Inizia così il racconto di Carla Baffi, olbiese, che qualche anno fa si è liberata dalle paure di far soffrire gli altri per tutelare la propria identità, per vivere appieno una vita che sentiva sua ma che – per non ferire chi aveva accanto – nascondeva.
Nata Enzo Giagoni, si è sempre sentita una farfalla chiusa dentro il bozzolo perché lei era Carla, da sempre. E per 49 anni, 49 lunghi anni per la precisione, Carla permette a Enzo di vivere la sua vita per proteggere gli altri, per non infliggere loro sofferenza, calpestando la sua vera essenza. Poi esce finalmente allo scoperto. E questa è una soddisfazione unica, una liberazione, una boccata d’aria pura.
«Vivo adesso la mia vita con serenità, con prospettive di vita che finalmente rispecchiano la mia anima. Le persone intorno a me hanno avuto molta attenzione, un modo molto sensibile di affrontare questa novità.»
E sì, perché Carla c’è sempre stata, come abbiamo detto, ma era nascosta, mentre era Enzo ad avere la possibilità di lavorare – in Polizia per tantissimi anni –, di stringere amicizie, di incontrare nuove persone.
«Molti, essendo della mia stessa città, hanno dovuto fare un percorso per accettare questa vita che per me era vecchissima ma per loro nuova. Era difficile, ovviamente, scindere Enzo da Carla» continua. «Alcuni ancora si rivolgono a me con il maschile, ma non lo fanno con cattiveria, è che ci vuole un lavoro di accettazione. Ho comunque riscontrato una grande sensibilità.»
Il suo timore non era il giudizio dalla società, ma dare dolore alle persone a lei care.
«Mia madre mi trovava in abiti femminili, soffriva, e io per non perdere il suo affetto o non causarle tristezza soffocavo me stessa. Per 49 anni mi sono travestita da maschio,» dice, «anche perché la vita di Enzo non c’è mai stata. Carla gli ha concesso la possibilità di esistere, l’ha mandato avanti perché ancora non era pronta a vivere la vita che le spettava. Ma poi si è resa conto che era arrivato il momento di essere libera, di uscire dal bozzolo, di diventare una farfalla.»
Il coraggio di uscire allo scoperto le arriva da una donna di Cagliari, una persona per lei importantissima.

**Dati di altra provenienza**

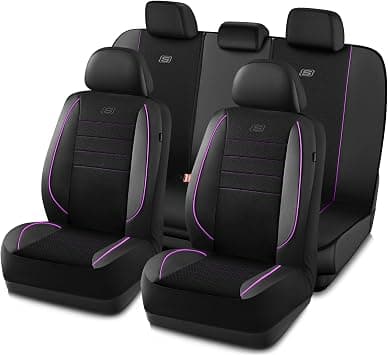 Skechers Air-Cooled Memory Foam Seat Covers,Mesh Thick Car Seat Covers,Piping Leather Car Seat Cover,Airbag Compatible,Automotive Comfort for Most Cars, Vans, Trucks, SUV(Purple, Full Set) على Amazon.ae - متتبع الأسعار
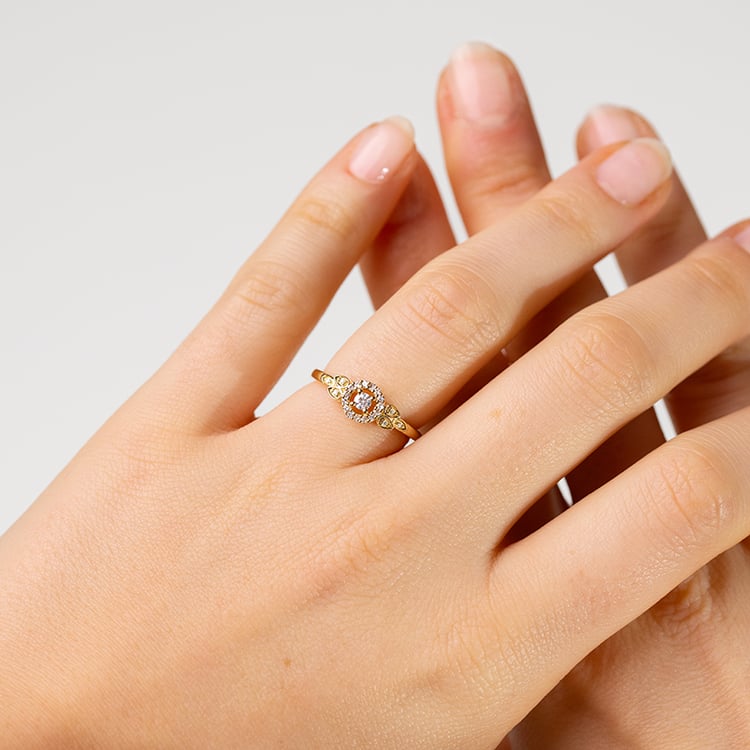 Zlatý halo prsteň s lab-grown diamantmi Delphine 146624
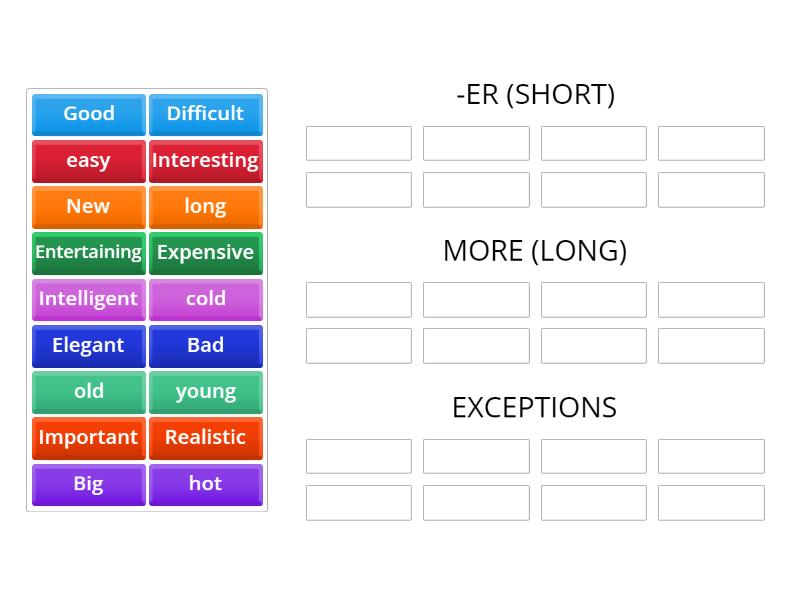 Comparatives - Group sort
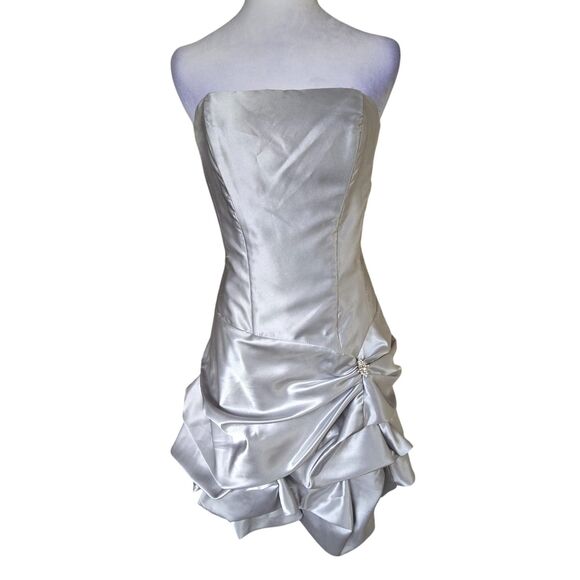 VTG Gunne Sax Silver Metallic Strapless Ruched Mini Dress 80s Y2K Glam Hoco Prom - Picture 1 of 11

«Come tutte le donne della mia vita, sapeva di Carla. Ho sempre detto alle mie compagne chi ero, erano libere di scegliere se accettare o meno questa cosa. Ecco, Donatella mi disse, un giorno: “Basta, hai rotto le scatole, tu sei Carla da tutta la vita. Finiscila di prenderti in giro, fai questo percorso e sii te stessa.” Questo fece nascere in me la certezza di voler essere fisicamente quel che ero nell’anima: ho rotto quindi quelle catene e sono stata quella che ero, che mi ero sempre sentita. Allo specchio, vedevo una bellissima bambina, poi adolescente e poi adulta ma il mio corpo non mi rispecchiava.»
Adesso, Carla Baffi sta bene, è felice, serena. Organizza degli spettacoli teatrali con la compagnia Barbariciridicoli di Ottana per raccontare la sua storia.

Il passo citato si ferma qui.